Tal como estaba anunciado, a la hora del Angelus se reabrieron ayer las puertas color carajillo de Casa Puga. Y se volvieron a reunir los parroquianos de la tasca más antigua de Almería bajo los jamones colgados del techo, haciéndose sitio a empujoncitos en la barra de mármol; allí estaba de nuevo la plancha abrasando patas de jibia y dorando lomos; allí estaba Leo y Juan y Rafa, como si nada hubiera cambiado, dándole la vuelta a los champiñones y a la frase de Lampedusa en el Gatopardo.
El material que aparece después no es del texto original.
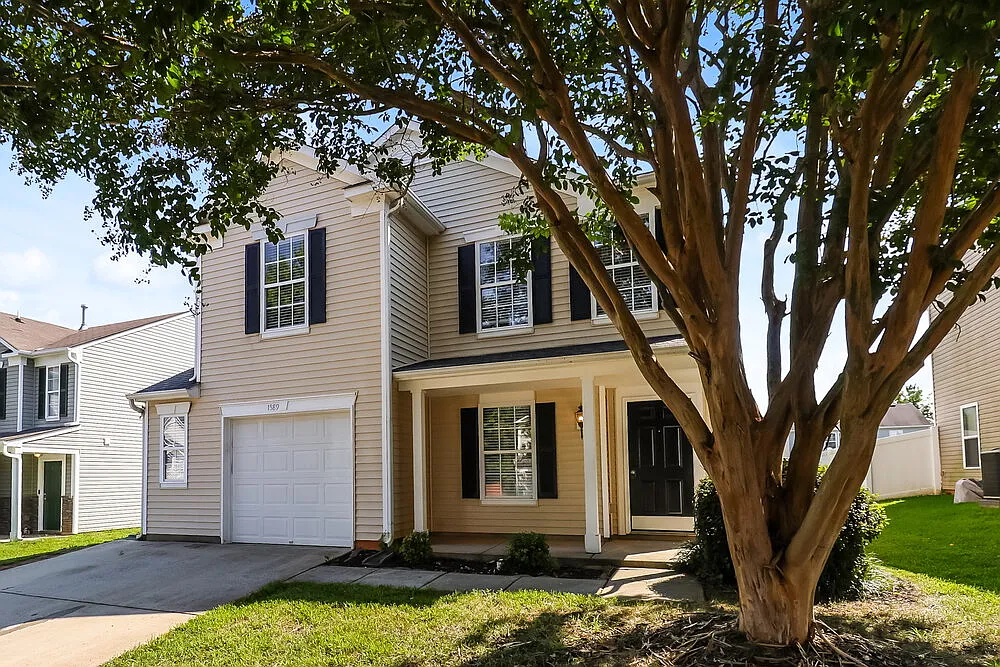 3 bed, 2.5 bath, 1752 sqft, $1,970 — Photo 4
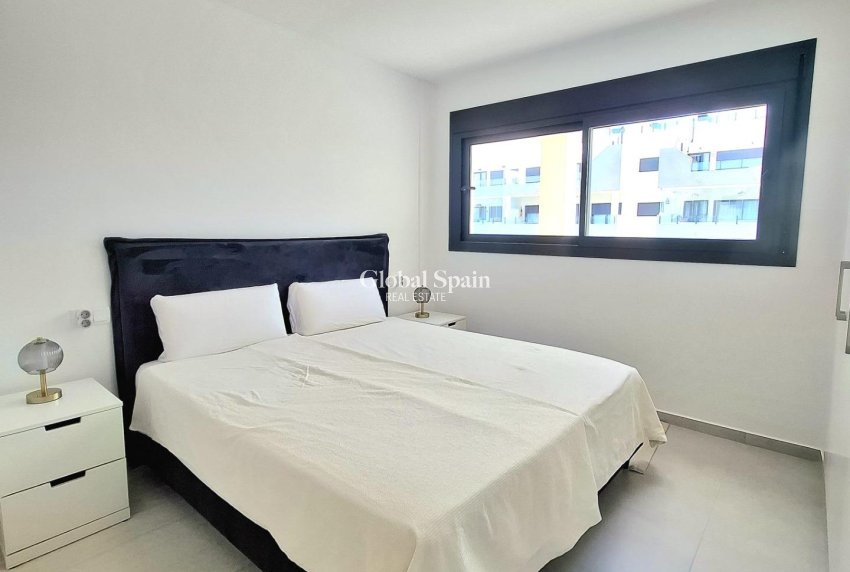 Revente - APPARTEMENT -
ORIHUELA COSTA - VILLAMARTÍN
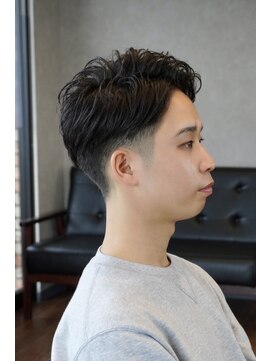 アトラ(attra) お客様ヘア【刈り上げアップバングスタイル】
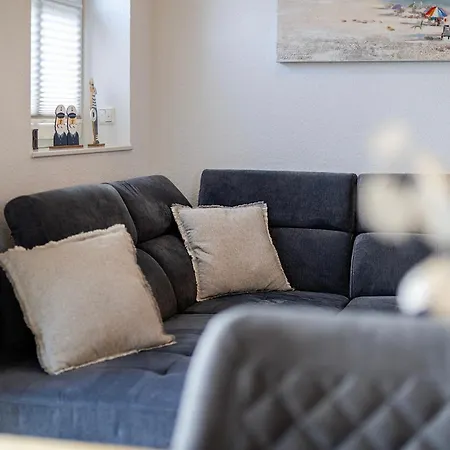 Leni, 3 Schlafzimmer, 2 Baeder, Grosser Eingezaeunter Garten In Ruhiger Lage! * Greetsiel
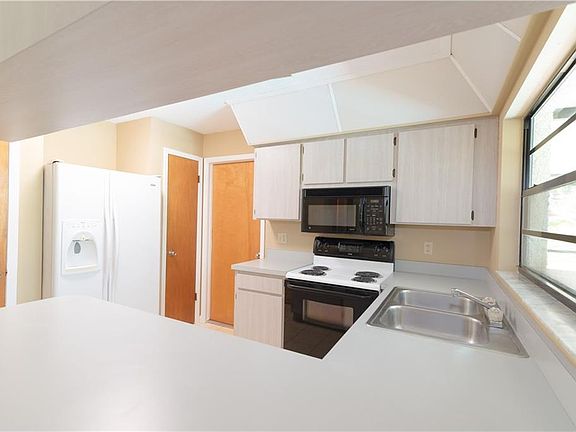 3rd image of 8431 Saint Giles Ct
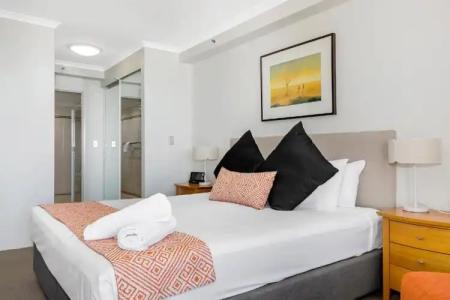 Oscar On Main Beach Resort - 149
Allí estaba también, eterno en el rincón, Manolo de la Poza y la vendedora de los viajes al Polo Norte previa compra de un décimo de lotería, allí estaba el serrín preparado para el suelo, los búcaros de flores en la puerta de Jovellanos y algún que otro turista despistado que nuca falta a la cita de Puga.
Todo igual, pero distinto, los camareros de siempre, con dos incorporaciones y dos nuevas cocineras. Puga es Puga y siempre lo será: basta unas gamba abrigada con una gabardina, el descorche de alguna botella alpujarreña y risas y sonrisas entre viejas y nuevas amistades almerienses.